Broadcast television will be the largest recipient of political advertising and is projected to reach approximately $3.2 billion, followed by cable and digital ($1.2 billion each), and radio ($400 million). This estimate doesn’t include PACs and local races (non-federal) which would considerably increase these estimates.
While local broadcast TV is expected to retain most of the political spending, digital media and cable will see higher growth rates from past election cycles. Additionally, there will be considerable spending on streaming video content watched on over-the-top (OTT) devices and connected TVs (CTV), none of which were a major factor in previous presidential elections.
The advantage of cable is its ability to use enhanced data to reach more highly targeted groups of viewers. Congressional candidates are expected to embrace new options for data-optimized, advanced TV placements. Cable’s cross-screen products (Video on Demand (VOD), OTT, digital screens) will also be utilized to reach lighter TV viewers.
To close the gap between cord-cutters/shavers/nevers/stackers, candidates and PACs will embrace an OTT/CTV strategy more than any previous year, allowing candidates and special interest groups to extend their reach and target younger voters. This includes content providers such as Hulu, Sling TV, Roku, YouTube TV and others. Tru Optik estimates that political ads on OTT/CTV platforms will range from $500 to $720 million in the year.
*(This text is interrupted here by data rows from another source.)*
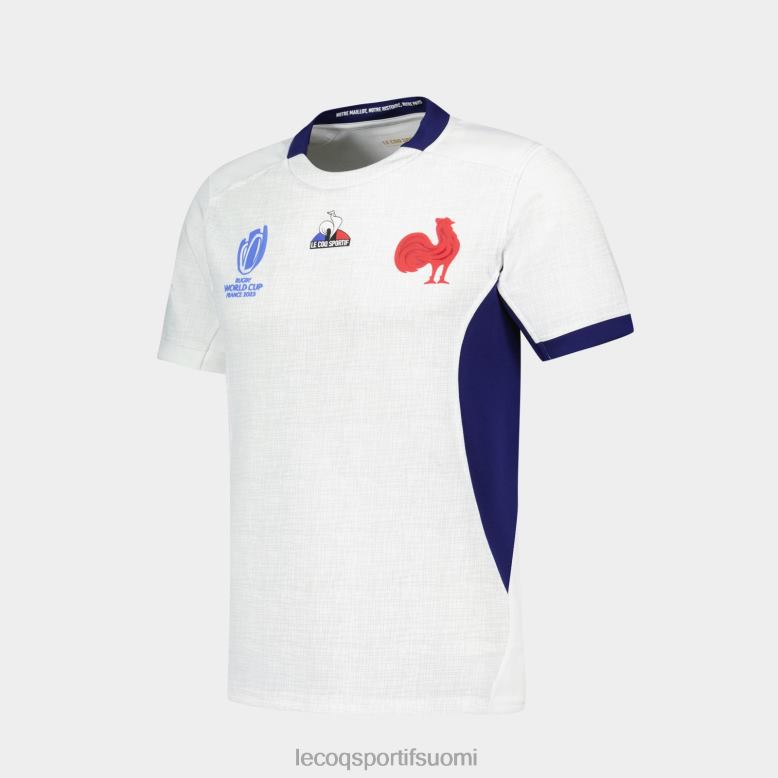Le Coq Sportif replica jersey xv de france - rugby World Cup 2023 valkoinen miehet 86V2R693 vaatetus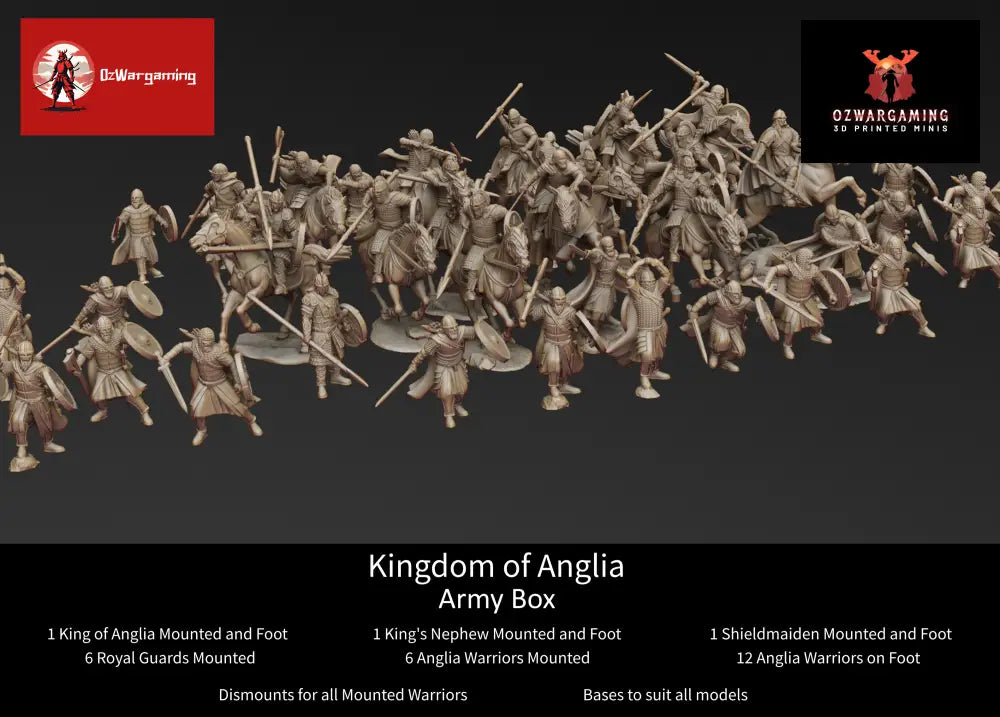 Kingdom of Anglia Army Box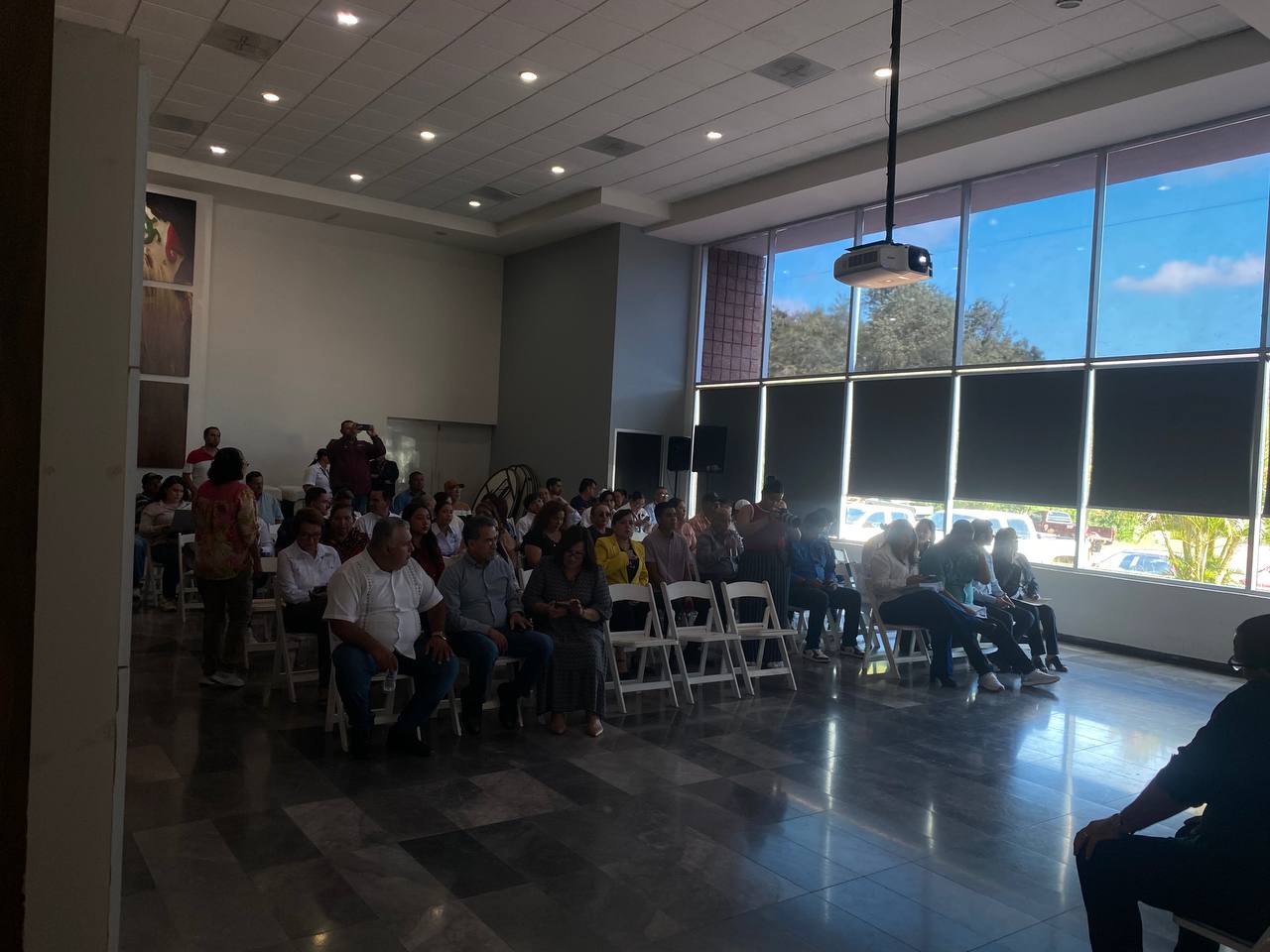 inauguración del Taller Intersectorial de Planeación Participativa en el Ayuntamiento de Guasave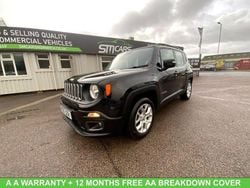 Black Used 2017 Jeep Renegade Longitude SUV | £8,650 (Fair price)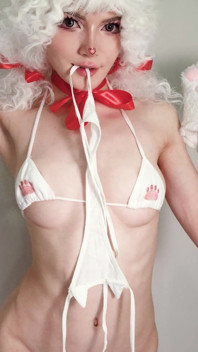 My Image of Funny Neko She Is so Wild and Loves to Be Naked and She Satisfy You and Your Hard Boner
Attempting to quantify the projected spend in the emerging digital video bucket is notoriously challenging. While media intelligence companies Advertising Analytics and Cross Screen Media do not project category spend in the same manner as Kantar, their forecasts for TV and cable are very similar. The primary difference is that unlike Kantar, they provide a specific spending estimate for digital video, which is expected to exceed cable spend in the upcoming cycle.
Overall, digital political advertising is expected to increase significantly as campaign managers are much more digitally savvy this election cycle. Kantar estimates $1.2 billion in digital spend, but they concede that the share of political dollars in digital is still a great unknown. Digital projections are based on spending on paid digital ads or ads which are delivered by a platform that is sponsored by a candidate or campaign.
Paid social media has become a major tool for political campaigns and other organizations that target voters. Campaigns have strongly embraced the channel in the early stages of campaigns due to its ability to help candidates organize, attract volunteers and raise funds. Social media giant Facebook/Instagram is tightening their political rules by adding new disclosure requirements for political ads placed on their platforms. They are introducing a “confirmed organization” label for U.S. political advertisers who show government-issued credentials to demonstrate their legitimacy. All advertisers running political or social issue advertising will also have to post their contact information. Advertisers who do not comply will be shut off. However, Facebook continues to be under fire for its policy to not fact-check advertising published by politicians. While Facebook isn’t the only platform that has run ads with false statements, they have received the most flak for it. They have recently been wavering on their stance, as they just took down an ad from a political action group – not a politician – noting that different rules apply.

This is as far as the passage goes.